The problem with the SBC position (whether that be the official or unofficial position) is that it just isn't Biblical.  The Bible says to not be drunk....not to abstain.  To me, whether your adding to scripture to "keep from further problems" or not, doesn't justify doing so.




gtparts said:


> I am at a loss to understand where you are on responsible fornication and irresponsible fornication. Can adultery fit into either classification?




Go back and read my quote.  Never said anything about responsible fornication.  Just that I was unsure that some view all forms of drunkards and all forms of fornicators as being equal.


----------



## jmharris23 (Jul 13, 2012)

Huntinfool said:


> How 'bout we start this post with "Some Christians" and not "We as Christians".
> 
> "We" don't think that....you might....others might....but "We" definitely do not.

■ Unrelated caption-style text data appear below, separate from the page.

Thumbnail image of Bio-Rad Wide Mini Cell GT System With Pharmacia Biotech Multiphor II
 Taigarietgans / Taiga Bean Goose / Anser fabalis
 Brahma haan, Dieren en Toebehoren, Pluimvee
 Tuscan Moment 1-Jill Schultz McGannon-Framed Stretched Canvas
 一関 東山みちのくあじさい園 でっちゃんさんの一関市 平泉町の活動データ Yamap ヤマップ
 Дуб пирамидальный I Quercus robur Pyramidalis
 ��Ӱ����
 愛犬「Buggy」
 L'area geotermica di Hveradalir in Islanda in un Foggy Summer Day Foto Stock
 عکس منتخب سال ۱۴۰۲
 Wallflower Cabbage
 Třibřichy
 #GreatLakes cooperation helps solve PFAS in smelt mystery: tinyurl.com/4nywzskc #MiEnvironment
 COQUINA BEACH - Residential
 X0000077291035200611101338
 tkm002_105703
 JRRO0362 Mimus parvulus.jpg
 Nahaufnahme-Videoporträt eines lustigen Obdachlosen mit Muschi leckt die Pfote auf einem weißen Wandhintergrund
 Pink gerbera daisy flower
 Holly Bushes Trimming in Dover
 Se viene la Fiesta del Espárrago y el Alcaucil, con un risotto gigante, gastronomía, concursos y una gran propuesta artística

Thanks for this post. I don't really like being lumped in with the "we" that represents Christianity in this forum, or this country for that matter. 

I would much prefer to standon my own opinion and let others do the same.


----------



## jmharris23 (Jul 13, 2012)

Ronnie T said:


> Right on.
> No sin is acceptable.  No sin is proper.
> No one should be comfortable with any sin.



I agree with this as well. Couldn't have said it any better, so I won't.


----------



## Artfuldodger (Jul 13, 2012)

Romans 3:23 For all have sinned and fall short of the glory of God.
Ecc 7:20 There is not a righteous man on earth who does what is right and never sins.
There is no doubt with most of us that we sin but what about the "fall short of the glory of God" part? 
Romans 3:24 and are justified freely by his grace through the redemption that came by Christ Jesus.
We have all sinned and we are all  "Justified Freely by His Grace."
This is another example that salvation is  available to all who seek.
Justified means Jesus made it possible.
Part of all this and also mentioned in the Bible is the Wrath of God.
I guess i'm trying to figure out how short Christians "fall short of the glory of God?" I don't believe in "OSAS" so it's a little harder for me to get to Heaven than some of ya'll.


----------



## NE GA Pappy (Jul 13, 2012)

TTom said:


> Lets ask the Bible why Sodom was destroyed.
> 
> 1. The decision to destroy Sodom was made BEFORE the angels went to Lot's house so even if we assume that the mob's intent to "know" the angels means sexually (which is open to debate) it cannot be the reason for destruction, as it happened AFTER the decision was made.
> 
> ...



We know what the term "know" meant, because it had been used in previous books and chapters. It always meant to have sex. Even Lot acknowledges this when he offered his daughters to the men. 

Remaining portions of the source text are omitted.